Without the pictures, set down everything in the listing exactly.
================
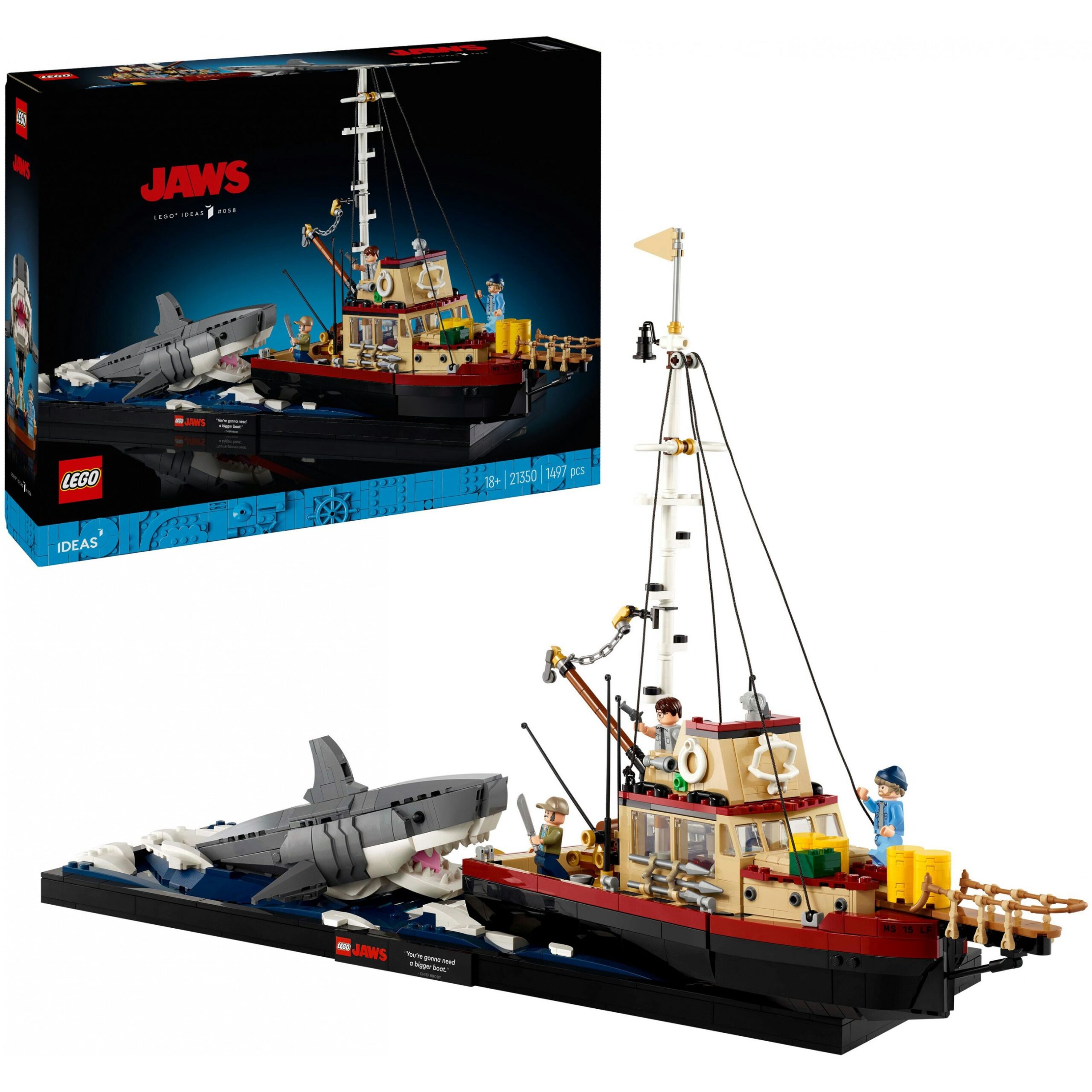LEGO 21350 Ideas The White Shark - Figura 3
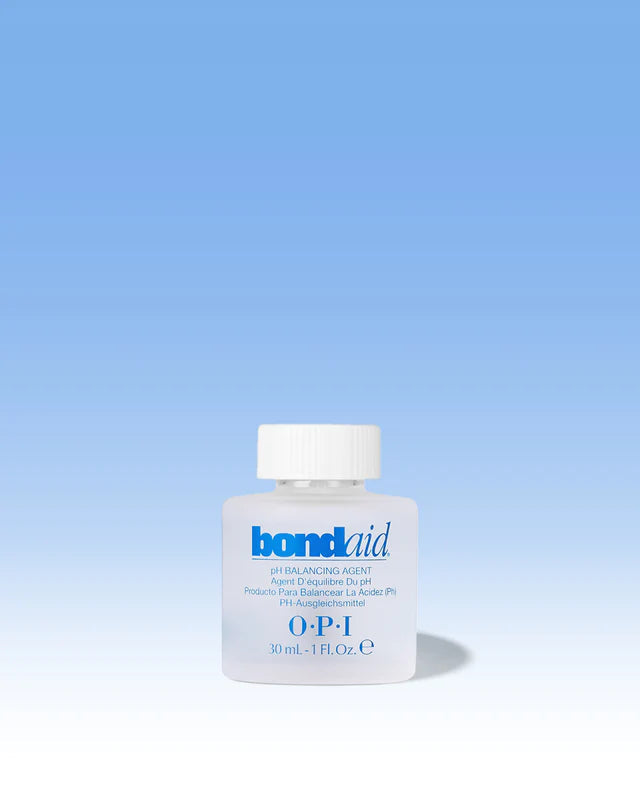 OPI Bond Aid pH balancing agent in 1 oz bottle, ideal for nail treatments and prepping nails for gel or dip powders.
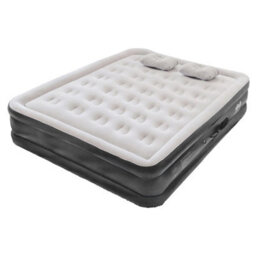 Harbour Housewares King Airbed With Removable Electric Pump - Black/grey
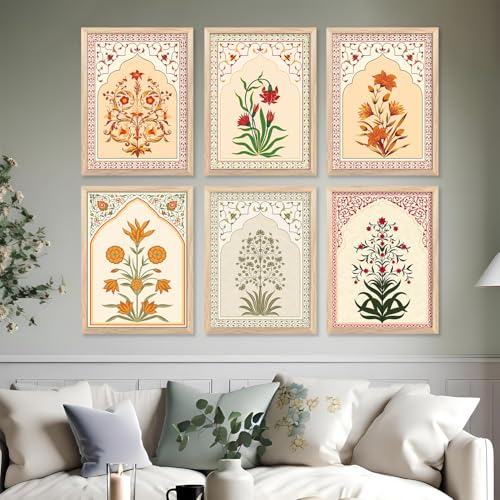 Image of ARTIFLY - Kalamkari Life tree framed wall Painting | for Living Room Bedroom Office Room Decor - Premium Digital Paintings with Frame for Wall Decor (Design 3, 13x17 inch, Standard Packaging)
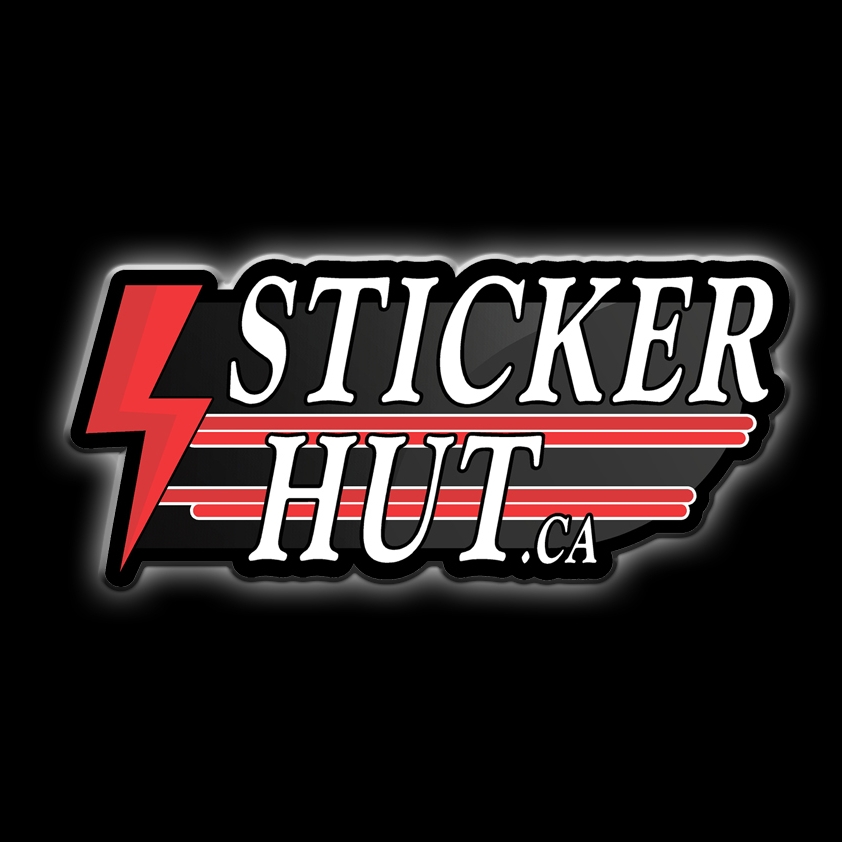 vStore Sticker Hut logo custom stickers and signs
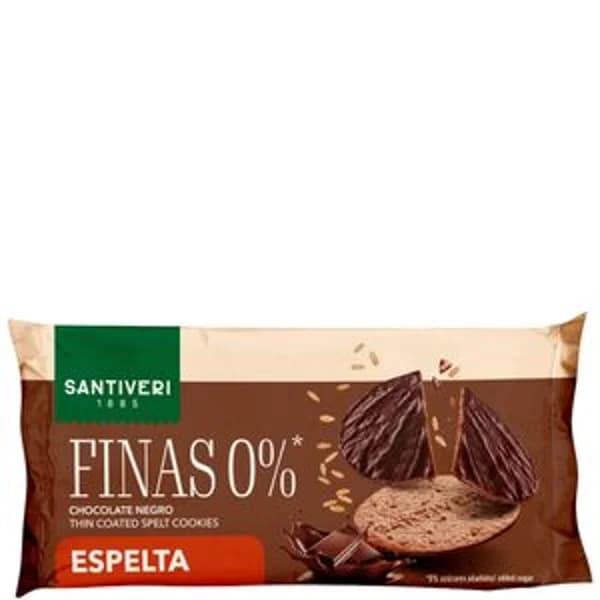 Galleta Finas 0% con chocolate negro 90 g - 0.09 kg - Imagen del producto en Findit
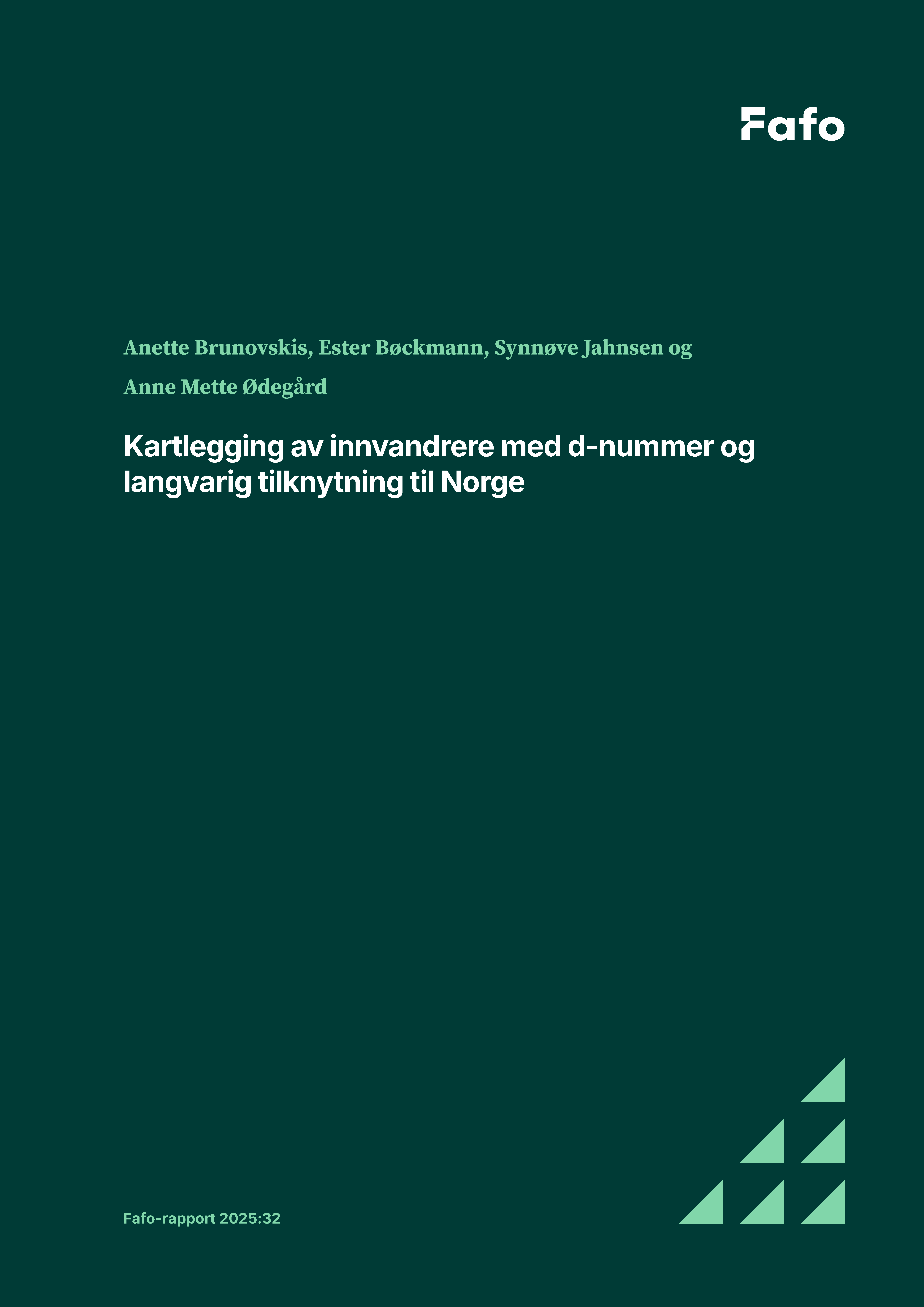Kartlegging av innvandrere med d-nummer og langvarig tilknytning til Norge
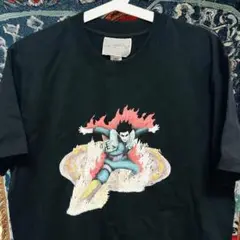 ナルト ティーシャツ 半袖 メンズ ヴィンテージリプリント L XL 黒
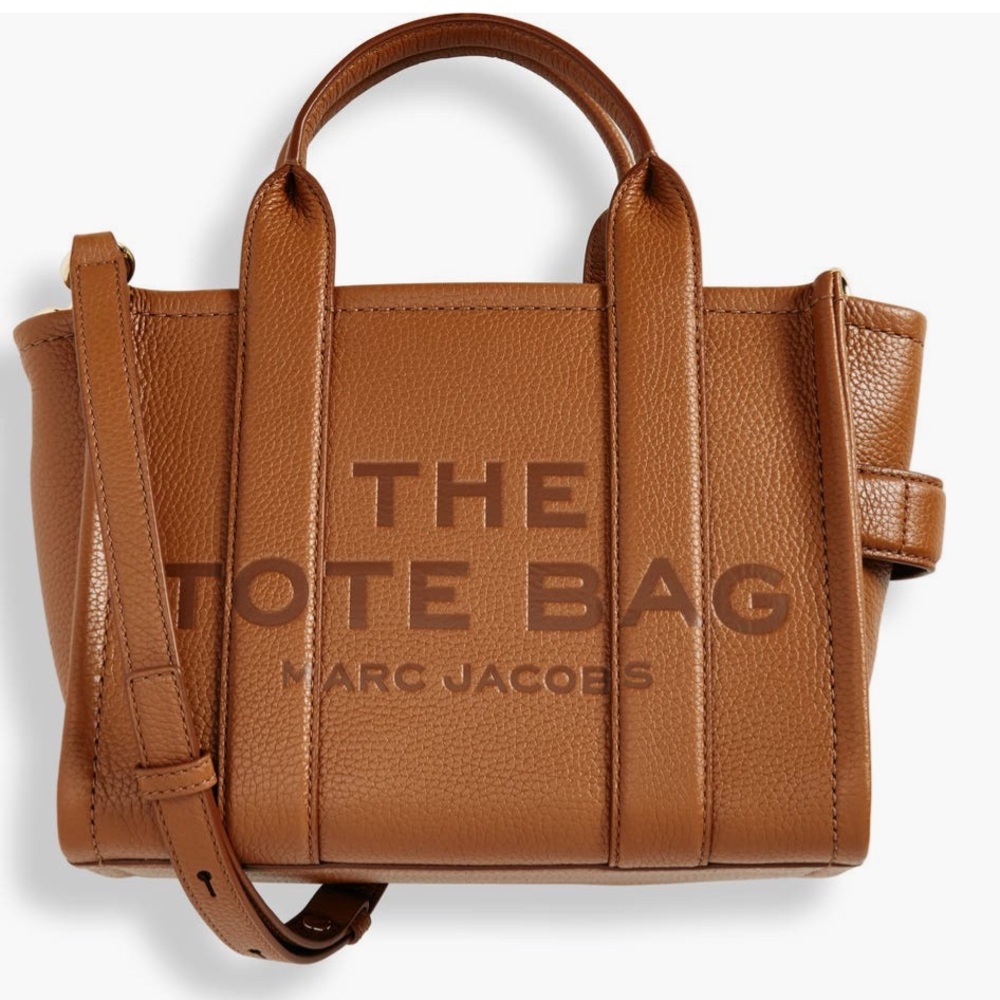 Marc Jacobs Small Leather Tote Bag Argan Oil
================
(Exercise answer):
LEGO 21350 Ideas The White Shark - Figura 3
 OPI Bond Aid pH balancing agent in 1 oz bottle, ideal for nail treatments and prepping nails for gel or dip powders.
 Harbour Housewares King Airbed With Removable Electric Pump - Black/grey
 Image of ARTIFLY - Kalamkari Life tree framed wall Painting | for Living Room Bedroom Office Room Decor - Premium Digital Paintings with Frame for Wall Decor (Design 3, 13x17 inch, Standard Packaging)
 vStore Sticker Hut logo custom stickers and signs
 Galleta Finas 0% con chocolate negro 90 g - 0.09 kg - Imagen del producto en Findit
Kartlegging av innvandrere med d-nummer og langvarig tilknytning til Norge
 ナルト ティーシャツ 半袖 メンズ ヴィンテージリプリント L XL 黒
 Marc Jacobs Small Leather Tote Bag Argan Oil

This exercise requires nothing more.